▸ What this task involves
Copy the line containing "Centrifugal Impeller", then all lines after it up to and including the final line of the material, exactly and without additions.

▸ Provided records
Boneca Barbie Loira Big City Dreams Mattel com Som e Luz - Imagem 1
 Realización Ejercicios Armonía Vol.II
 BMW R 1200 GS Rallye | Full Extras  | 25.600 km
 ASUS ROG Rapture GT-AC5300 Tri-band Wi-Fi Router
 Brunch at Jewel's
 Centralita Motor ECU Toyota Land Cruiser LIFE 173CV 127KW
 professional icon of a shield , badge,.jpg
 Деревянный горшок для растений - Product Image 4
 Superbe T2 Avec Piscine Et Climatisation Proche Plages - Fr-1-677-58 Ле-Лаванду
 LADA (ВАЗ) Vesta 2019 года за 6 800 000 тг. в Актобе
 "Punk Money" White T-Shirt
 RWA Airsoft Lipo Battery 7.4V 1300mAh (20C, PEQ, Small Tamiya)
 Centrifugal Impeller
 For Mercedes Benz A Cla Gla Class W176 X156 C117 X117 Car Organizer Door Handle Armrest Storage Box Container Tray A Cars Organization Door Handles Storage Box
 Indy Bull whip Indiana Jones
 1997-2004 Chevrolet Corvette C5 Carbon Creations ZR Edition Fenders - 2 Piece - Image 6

▸ Finished exercise
 Centrifugal Impeller
 For Mercedes Benz A Cla Gla Class W176 X156 C117 X117 Car Organizer Door Handle Armrest Storage Box Container Tray A Cars Organization Door Handles Storage Box
 Indy Bull whip Indiana Jones
 1997-2004 Chevrolet Corvette C5 Carbon Creations ZR Edition Fenders - 2 Piece - Image 6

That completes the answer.